● What is being asked:
Instruction for the data below: set down exactly the lines from the line with "Een bureau, gratis wifi, beddengoed" to the line with "曼联坎通纳飞踢,坎通纳飞踹球迷禁赛多少场", inclusive, and no others.

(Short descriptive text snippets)
--- START ---

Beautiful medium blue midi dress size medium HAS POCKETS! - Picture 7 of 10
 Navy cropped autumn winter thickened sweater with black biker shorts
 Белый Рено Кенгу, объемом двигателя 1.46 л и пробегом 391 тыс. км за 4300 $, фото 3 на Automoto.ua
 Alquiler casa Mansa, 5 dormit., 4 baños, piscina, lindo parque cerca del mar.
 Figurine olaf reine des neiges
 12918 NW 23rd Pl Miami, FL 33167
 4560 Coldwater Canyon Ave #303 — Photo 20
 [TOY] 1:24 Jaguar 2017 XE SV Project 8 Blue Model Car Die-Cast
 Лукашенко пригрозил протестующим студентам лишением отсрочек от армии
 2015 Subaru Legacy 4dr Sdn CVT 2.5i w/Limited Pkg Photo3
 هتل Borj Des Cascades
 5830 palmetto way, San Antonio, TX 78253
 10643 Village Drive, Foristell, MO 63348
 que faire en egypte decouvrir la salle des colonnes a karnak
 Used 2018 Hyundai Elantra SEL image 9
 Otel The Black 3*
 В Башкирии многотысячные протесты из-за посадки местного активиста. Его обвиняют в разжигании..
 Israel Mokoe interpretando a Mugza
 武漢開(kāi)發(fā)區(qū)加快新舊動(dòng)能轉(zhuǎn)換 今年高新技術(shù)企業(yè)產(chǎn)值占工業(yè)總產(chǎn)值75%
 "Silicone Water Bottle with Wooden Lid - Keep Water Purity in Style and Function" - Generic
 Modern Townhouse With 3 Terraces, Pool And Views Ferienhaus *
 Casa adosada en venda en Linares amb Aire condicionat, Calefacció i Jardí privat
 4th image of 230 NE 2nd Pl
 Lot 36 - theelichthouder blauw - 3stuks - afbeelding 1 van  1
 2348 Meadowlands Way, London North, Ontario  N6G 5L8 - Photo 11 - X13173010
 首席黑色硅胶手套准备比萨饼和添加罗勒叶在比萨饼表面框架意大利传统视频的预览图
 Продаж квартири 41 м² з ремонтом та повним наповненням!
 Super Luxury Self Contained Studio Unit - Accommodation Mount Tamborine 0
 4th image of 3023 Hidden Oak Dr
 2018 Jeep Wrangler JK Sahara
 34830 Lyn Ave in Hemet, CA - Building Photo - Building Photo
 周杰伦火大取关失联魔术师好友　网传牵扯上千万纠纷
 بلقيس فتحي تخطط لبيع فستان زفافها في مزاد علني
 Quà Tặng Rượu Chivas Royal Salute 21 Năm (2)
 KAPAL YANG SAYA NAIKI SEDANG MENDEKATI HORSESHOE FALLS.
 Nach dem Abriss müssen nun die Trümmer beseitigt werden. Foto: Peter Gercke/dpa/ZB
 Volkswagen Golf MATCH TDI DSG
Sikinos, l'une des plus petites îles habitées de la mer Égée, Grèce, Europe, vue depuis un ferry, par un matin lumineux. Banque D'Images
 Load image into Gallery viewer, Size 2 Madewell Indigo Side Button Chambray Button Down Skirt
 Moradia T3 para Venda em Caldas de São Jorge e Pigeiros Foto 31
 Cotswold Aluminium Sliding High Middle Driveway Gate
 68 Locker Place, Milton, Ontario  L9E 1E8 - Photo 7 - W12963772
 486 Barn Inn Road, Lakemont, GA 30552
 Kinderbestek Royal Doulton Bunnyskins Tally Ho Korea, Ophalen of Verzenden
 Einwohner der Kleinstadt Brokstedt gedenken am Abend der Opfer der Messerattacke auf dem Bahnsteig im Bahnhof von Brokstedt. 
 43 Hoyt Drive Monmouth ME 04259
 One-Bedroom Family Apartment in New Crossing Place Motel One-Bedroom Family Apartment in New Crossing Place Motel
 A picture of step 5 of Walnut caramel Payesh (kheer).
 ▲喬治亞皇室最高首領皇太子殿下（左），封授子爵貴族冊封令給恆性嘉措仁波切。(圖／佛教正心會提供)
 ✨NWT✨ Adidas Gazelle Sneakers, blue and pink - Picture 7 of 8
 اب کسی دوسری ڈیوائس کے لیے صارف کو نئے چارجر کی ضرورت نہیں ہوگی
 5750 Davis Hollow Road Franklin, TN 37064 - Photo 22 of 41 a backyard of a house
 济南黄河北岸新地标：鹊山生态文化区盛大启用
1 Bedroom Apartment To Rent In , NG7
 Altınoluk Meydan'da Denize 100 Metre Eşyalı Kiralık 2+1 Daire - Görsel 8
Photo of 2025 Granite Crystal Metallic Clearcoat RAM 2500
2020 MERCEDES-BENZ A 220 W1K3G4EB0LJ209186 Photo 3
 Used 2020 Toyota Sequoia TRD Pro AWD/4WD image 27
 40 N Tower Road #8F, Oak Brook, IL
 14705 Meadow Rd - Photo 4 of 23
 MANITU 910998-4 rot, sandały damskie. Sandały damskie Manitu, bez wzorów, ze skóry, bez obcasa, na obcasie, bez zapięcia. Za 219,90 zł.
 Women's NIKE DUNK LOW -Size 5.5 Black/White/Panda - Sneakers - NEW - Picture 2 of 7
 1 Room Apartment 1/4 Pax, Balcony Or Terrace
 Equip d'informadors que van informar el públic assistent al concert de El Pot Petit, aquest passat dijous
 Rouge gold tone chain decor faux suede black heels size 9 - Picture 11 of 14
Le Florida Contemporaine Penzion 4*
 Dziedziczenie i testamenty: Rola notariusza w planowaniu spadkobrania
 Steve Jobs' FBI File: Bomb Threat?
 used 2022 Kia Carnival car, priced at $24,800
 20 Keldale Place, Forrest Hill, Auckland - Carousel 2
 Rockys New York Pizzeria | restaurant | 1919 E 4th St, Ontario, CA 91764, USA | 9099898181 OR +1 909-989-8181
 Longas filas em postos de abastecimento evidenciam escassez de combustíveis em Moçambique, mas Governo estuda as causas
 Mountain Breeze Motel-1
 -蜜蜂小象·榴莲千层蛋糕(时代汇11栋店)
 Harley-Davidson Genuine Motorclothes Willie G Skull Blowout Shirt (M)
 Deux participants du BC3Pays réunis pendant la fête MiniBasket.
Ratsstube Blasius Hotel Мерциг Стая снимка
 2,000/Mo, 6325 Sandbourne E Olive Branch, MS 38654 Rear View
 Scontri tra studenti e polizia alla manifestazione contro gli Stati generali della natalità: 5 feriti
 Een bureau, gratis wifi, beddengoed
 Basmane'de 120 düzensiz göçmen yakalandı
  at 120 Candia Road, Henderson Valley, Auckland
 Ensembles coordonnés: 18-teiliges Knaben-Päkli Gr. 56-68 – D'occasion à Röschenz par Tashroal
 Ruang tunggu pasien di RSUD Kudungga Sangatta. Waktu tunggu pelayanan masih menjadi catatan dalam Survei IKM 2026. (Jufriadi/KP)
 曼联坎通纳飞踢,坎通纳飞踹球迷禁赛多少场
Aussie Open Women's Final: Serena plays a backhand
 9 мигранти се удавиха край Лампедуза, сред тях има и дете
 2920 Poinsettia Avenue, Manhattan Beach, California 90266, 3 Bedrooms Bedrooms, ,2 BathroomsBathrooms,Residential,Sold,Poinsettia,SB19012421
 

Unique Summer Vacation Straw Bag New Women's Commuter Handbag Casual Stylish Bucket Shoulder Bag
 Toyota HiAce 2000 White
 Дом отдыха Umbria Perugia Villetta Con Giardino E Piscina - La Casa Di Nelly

--- END ---

● Task result:
 Een bureau, gratis wifi, beddengoed
 Basmane'de 120 düzensiz göçmen yakalandı
  at 120 Candia Road, Henderson Valley, Auckland
 Ensembles coordonnés: 18-teiliges Knaben-Päkli Gr. 56-68 – D'occasion à Röschenz par Tashroal
 Ruang tunggu pasien di RSUD Kudungga Sangatta. Waktu tunggu pelayanan masih menjadi catatan dalam Survei IKM 2026. (Jufriadi/KP)
 曼联坎通纳飞踢,坎通纳飞踹球迷禁赛多少场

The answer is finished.